Until 1869, William F. Cody had been a farmer, teamster, trapper, soldier, Pony Express rider, army scout, and buffalo hunter. He achieved fame as the result of a dime novel loosely based on his life that was published in 1869 and was adapted into a stage melodrama in 1871. The Wild West show helped to transform the West into a mythic space, more primitive and natural than the eastern cities.
No region is more shrouded in myth than the area west of the Mississippi River. In popular films and best-selling novels, the late nineteenth century western frontier was represented as a place where heroic, ruggedly independent pioneers struggled against an unfamiliar environment and brought civilization to a savage wilderness.
Throughout much of the twentieth century, the cowboy and the western lawman were the classic American heroes. While other episodes from the American past faded, such as the era of the whale-hunting harpooner or the lumberjack, the western frontier remained a staple of American popular culture.

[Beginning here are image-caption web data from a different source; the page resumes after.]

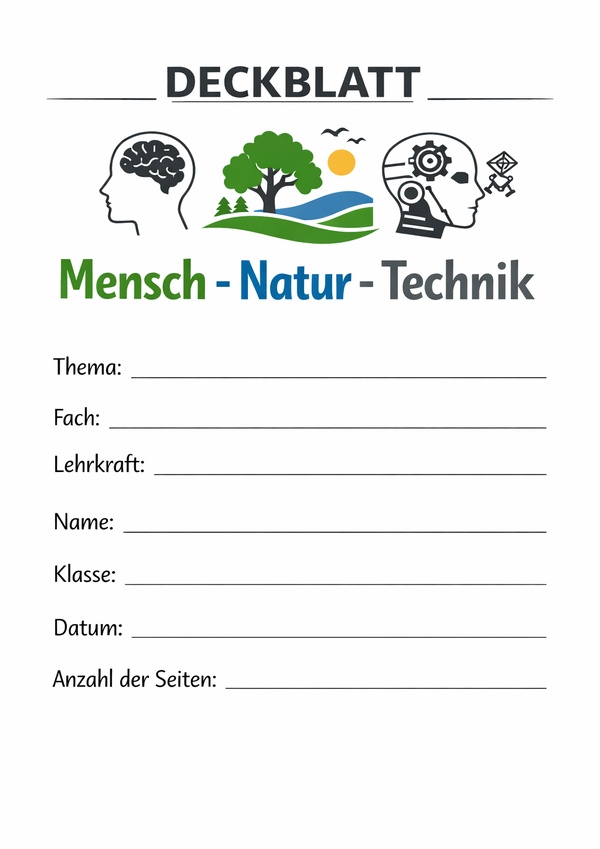 deckblatt mensch natur technik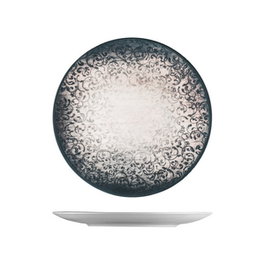 Langenthal Plato Llano Vintage de Porcelana Decorada, 24 cm (Set de 6)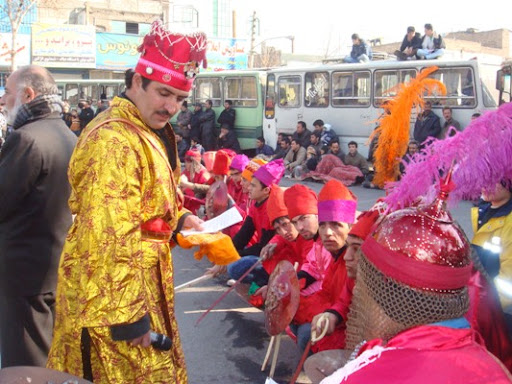 تعزیه شایقی ها در تهران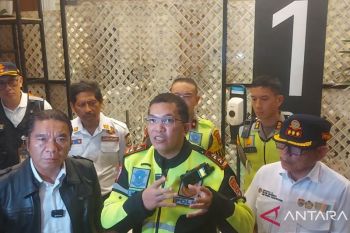 Kapolda Banten larang pemudik tanpa tiket ke Pelabuhan Merak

The very first movie to tell a story, Edwin S. Porter’s The Great Train Robbery (1903) had a western setting, and for thirty years, from 1939 to 1969, the Western was Hollywood’s most widely produced action film, and John Wayne was Hollywood’s most consistently popular star. Roughly a quarter of all Hollywood movies made before 1970 were westerns.
American Characters
William Mulholland

He took on the task of bringing water to a city that was depleting its only source, the Los Angeles River. Secretly, Los Angeles bought up the water rights to the Owens River in a valley 233 miles north of the city. He supervised the construction of an aqueduct that brought water from the Owens River across the Mojave Desert to Los Angeles. For five years, in 110-degree heat, men labored to create an aqueduct twice the width of Massachusetts.
A second aqueduct was built, sucking the Owens Valley dry. Ranchers in the valley attempted to dynamite the aqueduct. Soldiers and police officers had to be brought in to protect it.

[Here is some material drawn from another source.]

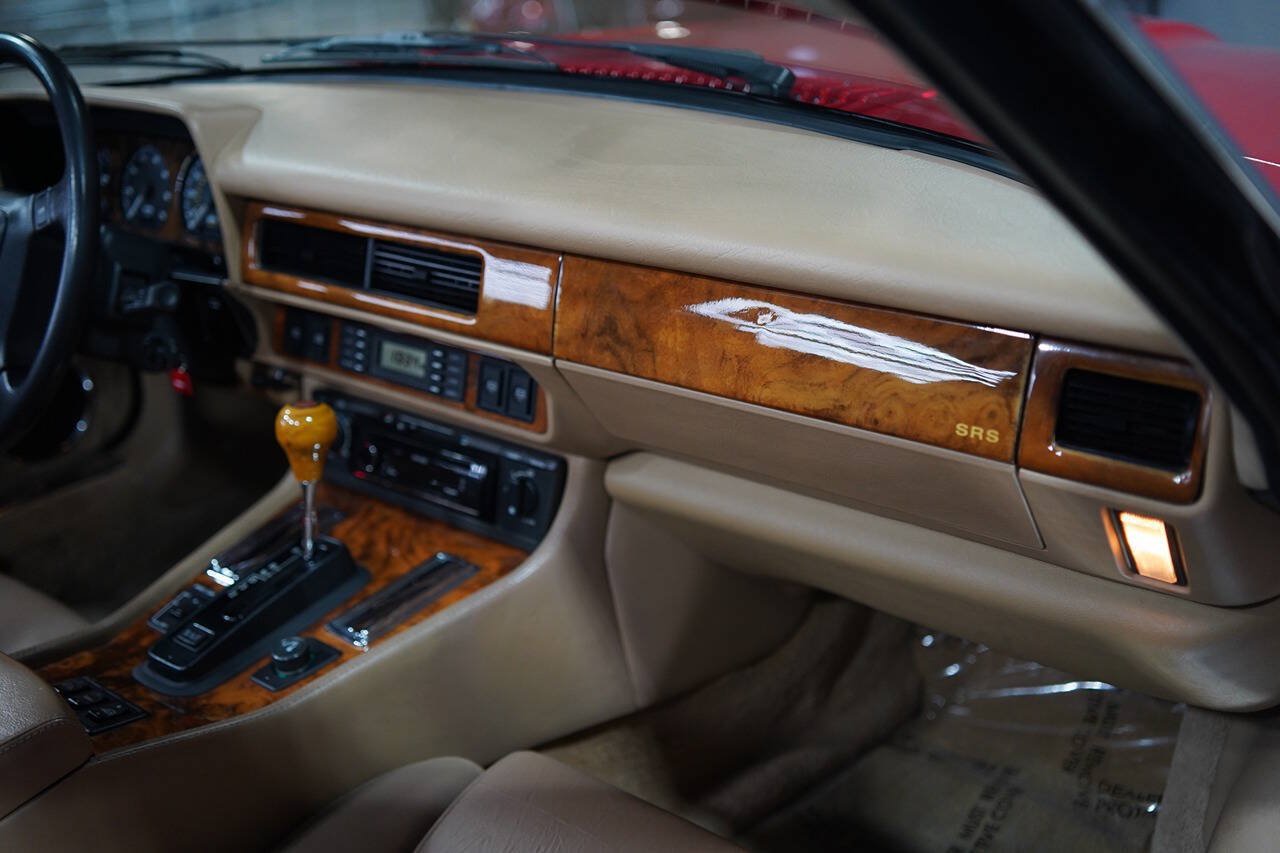 Used 1994 Jaguar XJS 4.0 Convertible RWD image 82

As part of the project, Mulholland built the San Francisquito Dam, which collapsed in 1928, unleashing a 200-foot wall of water that killed 200 people. He was not prosecuted, but the disaster was judged to be his fault, and he resigned his position. But the process of building aqueducts continued. Today, Los Angeles draws its water from as far as 600 miles away.
John Wesley Powell
As an explorer, anthropologist, geologist, and geographer, John Wesley Powell was post-Civil War America’s leading student of the Far West. Even though he lost an arm at the Battle of Shiloh, he became the first American citizen to navigate a thousand miles of the Colorado River from Wyoming through the Grand Canyon. He also spent considerable time among the Indian peoples of southern Utah and northern Arizona. Convinced that these cultures deserved study and understanding, he founded and served as director of the Smithsonian Institution’s Bureau of American Ethnology.

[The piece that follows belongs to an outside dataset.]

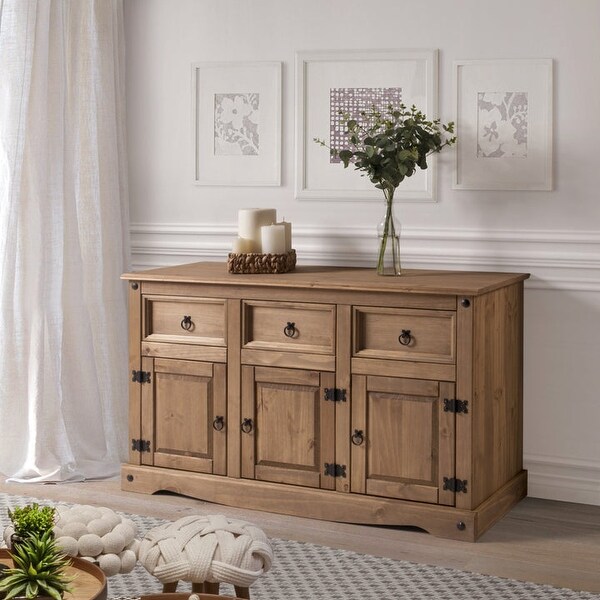 Wood Buffet Sideboard Corona | Furniture Dash - N/A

Powell was convinced that the federal government needed to inventory the West’s natural resources and develop the region in an orderly, democratic, and balanced manner. He convinced the federal government to create the U.S. Geological Survey in 1879, and served as the survey’s director from 1881 until 1894. Powell understood that the distinctive feature of the Far West was its limited water supply and that one of the most important questions the West faced was how to properly allocate this scarce resource. His Report on the Lands of the Arid Region of the United States was the first government study to examine such environmental issues as how to fairly apportion water resources, regulate grazing, manage forests, and prevent unbridled exploitation of the nation’s rangelands.